Lai Qilong, Yao Shuai, Zha Yuguo, Zhang Haohong, Zhang Haobo, Ye Ying, Zhang Yonghui, Bai Hong, Ning Kang
MOE Key Laboratory of Molecular Biophysics of the Ministry of Education, Hubei Key Laboratory of Bioinformatics and Molecular-imaging, Center of AI Biology, Department of Bioinformatics and Systems Biology, College of Life Science and Technology, Huazhong University of Science and Technology, Wuhan 430074, Hubei, China.
Hubei Key Laboratory of Natural Medicinal Chemistry and Resource Evaluation, School of Pharmacy, Tongji Medical College, Huazhong University of Science and Technology, Wuhan 430030, Hubei, China.
Nucleic Acids Res. 2025 Apr 10;53(7). doi: 10.1093/nar/gkaf305.
Biosynthetic gene clusters (BGCs), key in synthesizing microbial secondary metabolites, are mostly hidden in microbial genomes and metagenomes. To unearth this vast potential, we present BGC-Prophet, a transformer-based language model for BGC prediction and classification. Leveraging the transformer encoder, BGC-Prophet captures location-dependent relationships between genes. As one of the pioneering ultrahigh-throughput tools, BGC-Prophet significantly surpasses existing methods in efficiency and fidelity, enabling comprehensive pan-phylogenetic and whole-metagenome BGC screening. Through the analysis of 85 203 genomes and 9428 metagenomes, BGC-Prophet has profiled an extensive array of sub-million BGCs. It highlights notable enrichment in phyla like Actinomycetota and the widespread distribution of polyketide, NRP, and RiPP BGCs across diverse lineages. It reveals enrichment patterns of BGCs following important geological events, suggesting environmental influences on BGC evolution. BGC-Prophet's capabilities in detection of BGCs and evolutionary patterns offer contributions to deeper understanding of microbial secondary metabolites and application in synthetic biology.
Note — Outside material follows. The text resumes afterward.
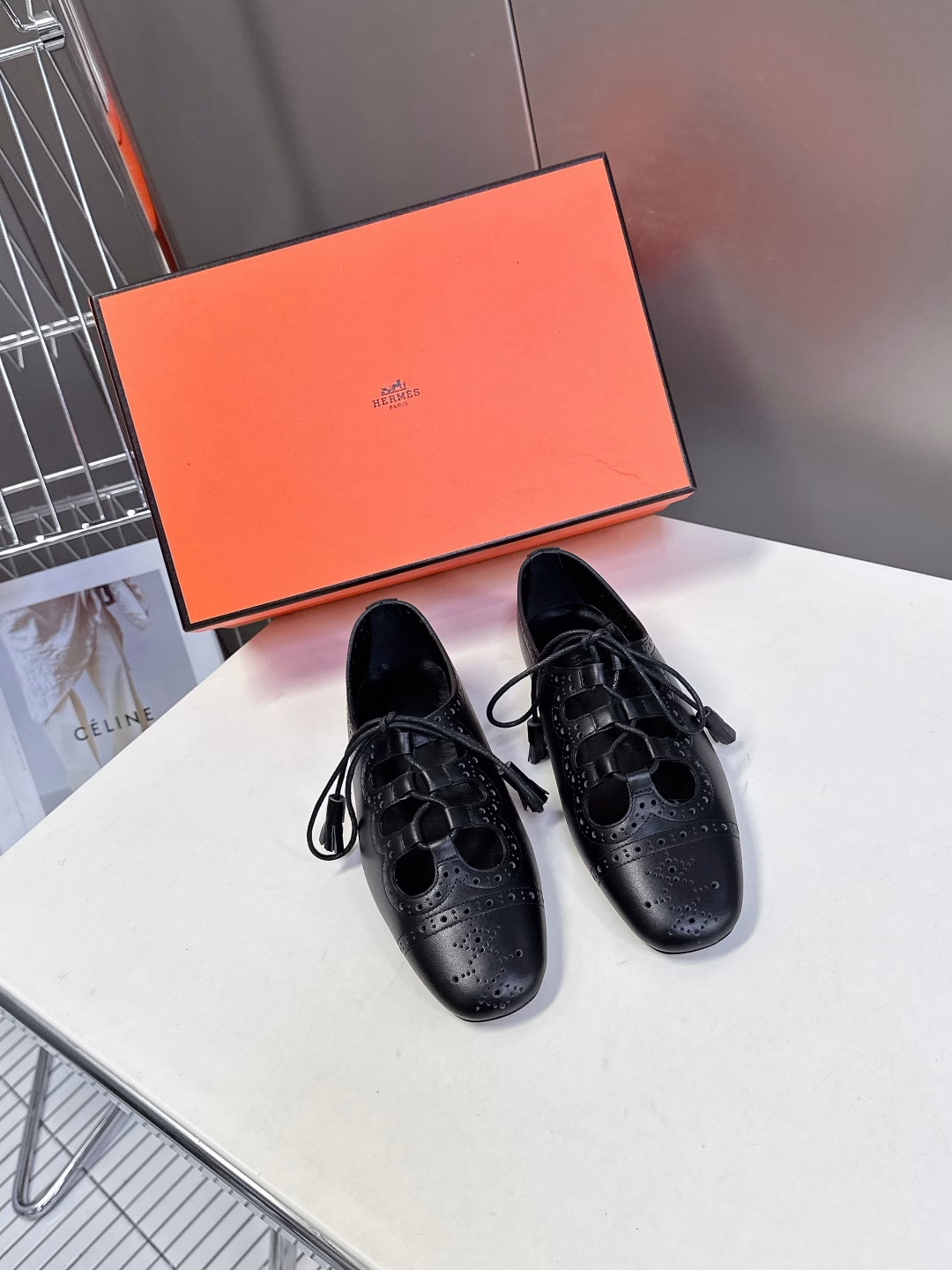 The latest Hermès spring and summer shoes are hard to find in every cabinet. The classic round-toe style is paired with highly recognizable brogue holes. It is very versatile and fashionable. Many celebrities and influencers recommend it. It is a must-have for spring and summer. It is comfortable and high-end. It is very comfortable and does not squeeze the feet. The upper is made of imported calfskin, the lining is mixed sheepskin, and the Italian leather outsole is packed with original packaging.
生物合成基因簇(BGCs)是合成微生物次级代谢产物的关键,大多隐藏于微生物基因组和宏基因组中。为挖掘这一巨大潜力,我们推出了BGC-Prophet,这是一种基于Transformer的用于BGC预测和分类的语言模型。利用Transformer编码器,BGC-Prophet捕捉基因之间的位置依赖关系。作为开创性的超高通量工具之一,BGC-Prophet在效率和保真度方面显著超越现有方法,能够进行全面的泛系统发育和全宏基因组BGC筛选。通过对85203个基因组和9428个宏基因组的分析,BGC-Prophet描绘了大量规模达数百万以下的BGCs。它突出了放线菌门等门类中的显著富集以及聚酮化合物、非核糖体肽和核糖体合成和翻译后修饰肽BGCs在不同谱系中的广泛分布。它揭示了重要地质事件后BGCs的富集模式,表明环境对BGC进化的影响。BGC-Prophet在BGC检测和进化模式方面的能力有助于更深入地了解微生物次级代谢产物并应用于合成生物学。